This book should be sub-titled “A Cautionary Tale on the Perils of Drug Abuse”. After the release of their first two albums, the eponymous Black Sabbath and the stone classic Paranoid, Black Sabbath were poised on the cusp of superstardom, along with fellow Birmingham, England native son John Bonham and Led Zeppelin. But then began not years, but decades, of drug abuse and its ensuing chaos, and instead of reaching the pinnacle, they began a decline that ultimately put them in the unfortunate position of being the actual inspiration for Spinal Tap. This then is an ode to what might have been, with glimpses of all that wasted potential surfacing over the years since their heady, heavy heyday.
I, like many of the classic rock generation, lost interest after that second album, upon reading this book, I discovered why. As no more than a casual fan, who, like many, felt that (and still do) the only “true” Black Sabbath consisted of Tony Iommi, Bill Ward, Geezer Butler and Ozzy Osbourne, I learned a lot from this book.

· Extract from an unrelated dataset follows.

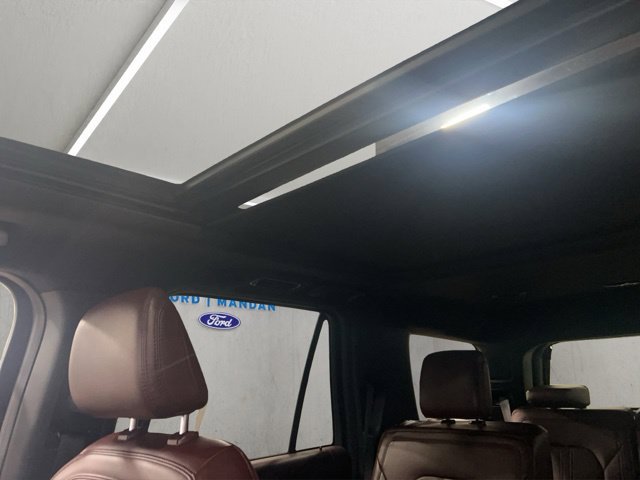 Certified 2024 Ford Expedition Limited AWD/4WD image 7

For instance, that Tony Iommi (much like the late Chris Squire with Yes) was the only constant in a revolving door lineup, which at times included some of my favorite Seventies artists, such as Cozy Powell, Glenn Hughes, and Ian Gillan, that Sharon Osbourne was responsible for Ozzy’s solo career, which completely eclipsed the Sabbath of the time, and that Sharon ultimately wrested control of the band from Tony.
As far as rock bios go, this is one of the better ones I have read, it actually falls into the “can’t put it down” category. I found myself staying up much later than I intended on several occasions (the lot of the aspiring writer being that one has to keep the soul-crushing “day job”) as I read of Tony’s domination of the band (he actually bullied Ozzy on the schoolyard when they were growing up, and that relationship continued for many years), Bill Ward’s hellish existence as the butt of the band’s jokes (Tony actually set him afire to the tune of third-degree burns), Ozzy’s live-to-party life, their failed attempts at outlandish stage props (yes, they actually attempted to re-create Stonehenge on stage) and much, much, more. Author Mick Wall actually worked with the band as a publicist, so many of the accounts are first-hand, but where other authors present that type of access in a wink, wink, nudge, nudge, I’m-cooler-than-you’ll-ever-hope-to-be fashion, Wall presents the story in a matter-of-fact yet fascinating manner.
Bottom line is, if you’re a child of the Sixties, teenager of the Seventies, or just want to know more about one of the most influential bands of all time, this is a must-read.